La garanzia di tali istanze così come il diritto della società a poter compiere operazioni nel proprio interesse, sia pur nei confronti di soggetti correlati, possono essere soddisfatte solo attraverso l’applicazione di un regime di trasparenza e di correttezza sostanziale. Ne consegue che solo attraverso un bilanciamento dei ruoli nei passaggi endo-consiliari è possibile tracciare l’accuratezza dei presidi identificati dall’emittente attraverso la relativa allocazione all’interno delle procedure.

 

[*] Le opinioni espresse da Emilia Pucci nel presente contributo sono personali e non riferibili all’ente di appartenenza.

[1] Un provvedimento sanzionatorio aveva come destinatario la società quotata per violazione degli obblighi di informativa al pubblico ai sensi dell’art. 114, comma 5, d. lgs. 58/98; l’altro provvedimento sanzionatorio aveva invece come destinatari i sindaci della stessa società quotata per violazione del dovere di vigilanza ai sensi dell’art. 149, comma 1, lett. a), d. lgs. 58/98. Si ricorda che all’epoca dei fatti in questione la mancata applicazione dei presidi OPC poteva determinare conseguenze sanzionatorie in capo alla società solo laddove fossero stati omessi gli adempimenti pubblicitari previsti dal Regolamento Consob ed i sindaci per omessa vigilanza. Il d.lgs. n. 49 del 10 maggio 2019, in recepimento della direttiva 2017/828/CE, ha poi introdotto l’art. 192-quinquies, d. lgs. 58/98 che prevede l’applicazione di una sanzione amministrativa nei confronti delle società quotate ovvero dei soggetti che svolgono funzioni di amministrazione e direzione in caso di violazione della disciplina di riferimento.

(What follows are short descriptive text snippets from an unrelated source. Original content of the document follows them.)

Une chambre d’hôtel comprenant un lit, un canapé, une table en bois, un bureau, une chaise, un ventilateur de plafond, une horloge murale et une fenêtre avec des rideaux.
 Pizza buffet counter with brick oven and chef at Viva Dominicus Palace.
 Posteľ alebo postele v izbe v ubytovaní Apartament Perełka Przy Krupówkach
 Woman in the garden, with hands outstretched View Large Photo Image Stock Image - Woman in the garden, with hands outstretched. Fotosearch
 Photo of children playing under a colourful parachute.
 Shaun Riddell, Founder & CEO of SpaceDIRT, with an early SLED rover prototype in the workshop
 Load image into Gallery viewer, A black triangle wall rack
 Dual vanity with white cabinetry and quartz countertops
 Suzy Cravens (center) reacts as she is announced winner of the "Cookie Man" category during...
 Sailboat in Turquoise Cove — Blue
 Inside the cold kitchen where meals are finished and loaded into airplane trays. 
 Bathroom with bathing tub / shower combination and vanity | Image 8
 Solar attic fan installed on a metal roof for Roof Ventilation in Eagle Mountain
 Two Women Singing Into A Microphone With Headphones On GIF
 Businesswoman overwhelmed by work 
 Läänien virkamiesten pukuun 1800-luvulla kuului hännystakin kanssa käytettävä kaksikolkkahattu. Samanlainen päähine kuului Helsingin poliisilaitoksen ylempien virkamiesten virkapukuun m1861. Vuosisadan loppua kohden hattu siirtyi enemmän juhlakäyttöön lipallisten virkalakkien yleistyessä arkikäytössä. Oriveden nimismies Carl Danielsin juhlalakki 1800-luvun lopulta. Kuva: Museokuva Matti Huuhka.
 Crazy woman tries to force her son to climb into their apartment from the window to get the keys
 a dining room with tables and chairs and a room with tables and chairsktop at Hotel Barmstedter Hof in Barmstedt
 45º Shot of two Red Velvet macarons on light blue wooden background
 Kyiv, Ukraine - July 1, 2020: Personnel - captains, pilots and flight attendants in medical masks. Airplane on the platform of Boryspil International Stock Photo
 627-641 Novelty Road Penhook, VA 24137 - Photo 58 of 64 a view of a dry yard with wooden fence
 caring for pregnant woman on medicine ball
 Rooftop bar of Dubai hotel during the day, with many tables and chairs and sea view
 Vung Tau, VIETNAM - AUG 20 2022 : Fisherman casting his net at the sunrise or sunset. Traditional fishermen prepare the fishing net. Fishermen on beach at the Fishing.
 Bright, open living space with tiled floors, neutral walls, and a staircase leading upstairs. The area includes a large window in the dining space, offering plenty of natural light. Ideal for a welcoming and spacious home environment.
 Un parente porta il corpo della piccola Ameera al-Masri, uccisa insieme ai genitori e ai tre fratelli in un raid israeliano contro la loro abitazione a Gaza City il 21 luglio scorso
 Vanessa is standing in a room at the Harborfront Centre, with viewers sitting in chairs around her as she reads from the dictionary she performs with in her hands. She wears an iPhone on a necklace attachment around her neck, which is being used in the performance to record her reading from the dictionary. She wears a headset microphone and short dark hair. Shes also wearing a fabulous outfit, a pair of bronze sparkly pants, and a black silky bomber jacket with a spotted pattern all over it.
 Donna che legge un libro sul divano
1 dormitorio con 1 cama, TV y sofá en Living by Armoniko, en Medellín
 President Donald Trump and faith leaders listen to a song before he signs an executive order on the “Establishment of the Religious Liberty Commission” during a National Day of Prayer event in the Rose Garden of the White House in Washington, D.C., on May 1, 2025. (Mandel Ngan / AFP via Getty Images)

[2] La sentenza della Corte di Cassazione richiama infatti il contenuto del Regolamento Consob che, con riferimento alle operazioni di minore rilevanza, dispone che le procedure prevedano almeno: a) che, prima dell’approvazione dell’operazione, un comitato, anche appositamente costituito, composto esclusivamente da amministratori non esecutivi e non correlati, in maggioranza indipendenti, esprima un motivato parere non vincolante sull’interesse della società al compimento dell’operazione nonché sulla convenienza e sulla correttezza sostanziale delle relative condizioni. Tale parere è allegato al verbale della riunione del comitato; b) la facoltà del comitato di farsi assistere, a spese della società, da uno o più esperti indipendenti di propria scelta. Lo stesso comitato verifica preventivamente l’indipendenza degli esperti; c) che all’organo competente a deliberare sull’operazione e al comitato indicato nella lettera a) siano fornite con congruo anticipo informazioni complete e adeguate. In aggiunta, nelle OPC di maggiore rilevanza è previsto che il comitato, composto esclusivamente da amministratori indipendenti non correlati, o uno o più componenti dallo stesso delegati siano coinvolti nella fase delle trattative e nella fase istruttoria attraverso la ricezione di un flusso informativo completo e tempestivo e con la facoltà di richiedere informazioni e di formulare osservazioni agli organi delegati e ai soggetti incaricati della conduzione delle trattative o dell’istruttoria. Per un recente commento, D. REGOLI, Operazioni con parti correlate, in Trattato delle società, (diretto da V. DONATIVI), UTET, p. 1945.

[3] Sia consentito rinviare a E. Pucci, Il parere degli amministratori indipendenti nelle operazioni con parti correlate: profili funzionali, Rivista delle Società, 2014, p. 336.

[4] Cfr. la delibera Consob 21624/2020, pubblicata per consentire il recepimento della Direttiva (UE) 2017/828 del Parlamento europeo e del Consiglio, del 17 maggio 2017, che modifica la Direttiva 2007/36/CE per quanto riguarda l’incoraggiamento dell’impegno a lungo termine degli azionisti, in G.U. dell’Unione europea del 20 maggio 2017.

[5] Sia consentito rinviare a E. Pucci – R. Santarelli, Le operazioni con parti correlate, in Il recepimento in Italia della Shareholder Rights II, (a cura di F. Raffaele- E. Ruggiero), CEDAM, 2021, p. 51.

[6] V. Cass. 26 gennaio 2021, n. 1602.